Throughout Central and South America, Catholicism is in the most blatant partnership with spiritism and paganism. In Brazil, I visited Aparecida, the largest cathedral in the world next to St. Peter’s in Rome. It is dedicated to a small idol of a “Black Virgin”—pulled from a nearby lake in a fishing net—which now performs “miracles.” The pope came recently to honor this idol. At the Mass the priest led the people in prayers and songs to the idol, asking it for salvation and dedicating their lives to it. Aparecida’s large bookstore carries many of the same “positive” books that delude Protestants—books in Portuguese by American authors, from Norman Vincent Peale to “Christian psychologists.”

Today’s evangelical leaders shun their duty to oppose heresy. Many of them promote Catholicism, occultism, and humanistic psychology.
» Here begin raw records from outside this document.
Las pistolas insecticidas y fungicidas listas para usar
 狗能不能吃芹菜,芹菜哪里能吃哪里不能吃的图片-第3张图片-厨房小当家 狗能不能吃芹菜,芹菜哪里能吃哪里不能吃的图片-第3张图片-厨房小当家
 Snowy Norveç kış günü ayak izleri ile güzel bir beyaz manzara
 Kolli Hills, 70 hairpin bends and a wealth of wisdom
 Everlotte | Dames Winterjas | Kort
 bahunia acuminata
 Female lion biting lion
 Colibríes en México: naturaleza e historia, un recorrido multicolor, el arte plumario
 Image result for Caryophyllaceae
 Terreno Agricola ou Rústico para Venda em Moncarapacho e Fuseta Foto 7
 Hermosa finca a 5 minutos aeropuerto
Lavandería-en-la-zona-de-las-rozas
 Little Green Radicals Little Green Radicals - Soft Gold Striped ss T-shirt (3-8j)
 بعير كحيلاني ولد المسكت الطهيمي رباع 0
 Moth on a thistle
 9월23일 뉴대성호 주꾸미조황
Therefore we, the nobodies, though few heed us, must cry out even louder to warn the sheep of poisoned pastures and false shepherds. “Positive” or “negative” is not the issue, but rather truth and simple obedience to our Lord and His Word.

1 comment:

ali said...

Negative, critical, judgemental, I have heard it all, been called most of it.

I have been lead astray, deceived believed the name it and claim it drivel.... until I truly came to faith in our L-RD. Since that time, I check everything out, research, pray for discernment and speak when I see error.

Thank you for this invaluable post. The road we are called to travel is VERY narrow, and difficult, but we are called to walk with Him, following where He has led and through His Word we have the roadmap for our travels.

May we become more RADICAL in our faith and commitment to follow Him, wherever He will lead.